At the Wakefield Integrated Substance Misuse Service, where Barbara is being treated, they have got hundreds of patients in their forties, fifties and sixties. The oldest is 74.

It has found the detox programmes the government is so keen on can be unsuitable for older people, who may want more private, less structured help. The Wakefield service insists it is not abandoning older patients to addiction, but the reality is their journeys towards abstinence might take longer, and have smaller goals along the way.

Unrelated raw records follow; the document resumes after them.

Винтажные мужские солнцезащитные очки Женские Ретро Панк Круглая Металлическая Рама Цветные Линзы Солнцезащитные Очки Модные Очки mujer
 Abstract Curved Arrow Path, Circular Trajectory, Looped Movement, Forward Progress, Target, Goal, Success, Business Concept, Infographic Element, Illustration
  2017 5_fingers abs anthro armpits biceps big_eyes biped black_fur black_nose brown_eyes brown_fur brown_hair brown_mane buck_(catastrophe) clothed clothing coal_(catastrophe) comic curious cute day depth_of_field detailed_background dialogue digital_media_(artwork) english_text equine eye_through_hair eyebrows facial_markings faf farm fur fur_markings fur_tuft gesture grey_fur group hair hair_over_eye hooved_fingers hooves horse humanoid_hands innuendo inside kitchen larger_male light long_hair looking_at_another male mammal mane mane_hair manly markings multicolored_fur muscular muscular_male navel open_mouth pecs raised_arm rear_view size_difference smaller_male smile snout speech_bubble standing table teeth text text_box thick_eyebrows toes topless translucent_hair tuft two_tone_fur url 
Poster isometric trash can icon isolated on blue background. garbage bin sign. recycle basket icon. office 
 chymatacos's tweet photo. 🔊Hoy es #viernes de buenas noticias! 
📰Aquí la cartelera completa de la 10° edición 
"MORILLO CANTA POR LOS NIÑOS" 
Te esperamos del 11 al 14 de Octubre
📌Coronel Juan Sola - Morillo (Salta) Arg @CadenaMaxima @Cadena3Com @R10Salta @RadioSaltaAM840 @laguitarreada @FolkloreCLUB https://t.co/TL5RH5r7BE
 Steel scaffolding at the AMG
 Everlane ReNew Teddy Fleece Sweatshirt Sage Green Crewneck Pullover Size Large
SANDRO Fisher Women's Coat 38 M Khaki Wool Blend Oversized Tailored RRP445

In Merseyside, where heroin first took hold in the 1980s, many older addicts who took heroin 20 years ago are still in its grip. The Centre for Public Health at Liverpool John Moores University has just done the first research into the lives of older addicts. It found a group of people who had been in and out of treatment services for years, with no success. The addicts told researchers they fell back on drugs in times of stress, like bereavement or redundancy.

The Liverpool study is sceptical about how relevant the government’s recovery agenda is to older addicts. It argues the attempt to get pensioners into detox and out the other side into work and society may not be realistic, because their health might be failing, and they do not have any family to support them.

In response the National Treatment Agency says we should not deny older people the chance to get clean and we should give them the same opportunities as younger addicts. But the agency says it does realise addicts who have been taking drugs for 20 or 30 years will take longer to kick them, and may need to stay in treatment well into their sixties and seventies.

At the moment Barbara says she cannot imagine giving up heroin. And the longer she takes drugs, the worse her health gets. Academics and doctors are warning Barbara is the tip of a clinical iceberg of older addicts who will inevitably making increasing demands on the NHS and social services.